Content starts

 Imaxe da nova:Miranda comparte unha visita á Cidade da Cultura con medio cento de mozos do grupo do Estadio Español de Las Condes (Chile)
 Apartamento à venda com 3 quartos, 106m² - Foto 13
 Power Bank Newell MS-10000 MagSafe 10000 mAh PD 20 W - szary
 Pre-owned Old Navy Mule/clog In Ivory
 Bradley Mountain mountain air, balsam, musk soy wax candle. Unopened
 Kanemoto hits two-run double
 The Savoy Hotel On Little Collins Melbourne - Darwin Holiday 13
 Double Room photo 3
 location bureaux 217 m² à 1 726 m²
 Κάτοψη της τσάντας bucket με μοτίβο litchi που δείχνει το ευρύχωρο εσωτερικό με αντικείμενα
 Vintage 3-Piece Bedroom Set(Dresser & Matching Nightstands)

Content ends

● **TASK BRIEF**:
Return only this span, exactly: the line that contains "Pre-owned Old Navy Mule/clog In Ivory" and all lines after it to the end of the records.

● **RESPONSE BELOW**:
 Pre-owned Old Navy Mule/clog In Ivory
 Bradley Mountain mountain air, balsam, musk soy wax candle. Unopened
 Kanemoto hits two-run double
 The Savoy Hotel On Little Collins Melbourne - Darwin Holiday 13
 Double Room photo 3
 location bureaux 217 m² à 1 726 m²
 Κάτοψη της τσάντας bucket με μοτίβο litchi που δείχνει το ευρύχωρο εσωτερικό με αντικείμενα
 Vintage 3-Piece Bedroom Set(Dresser & Matching Nightstands)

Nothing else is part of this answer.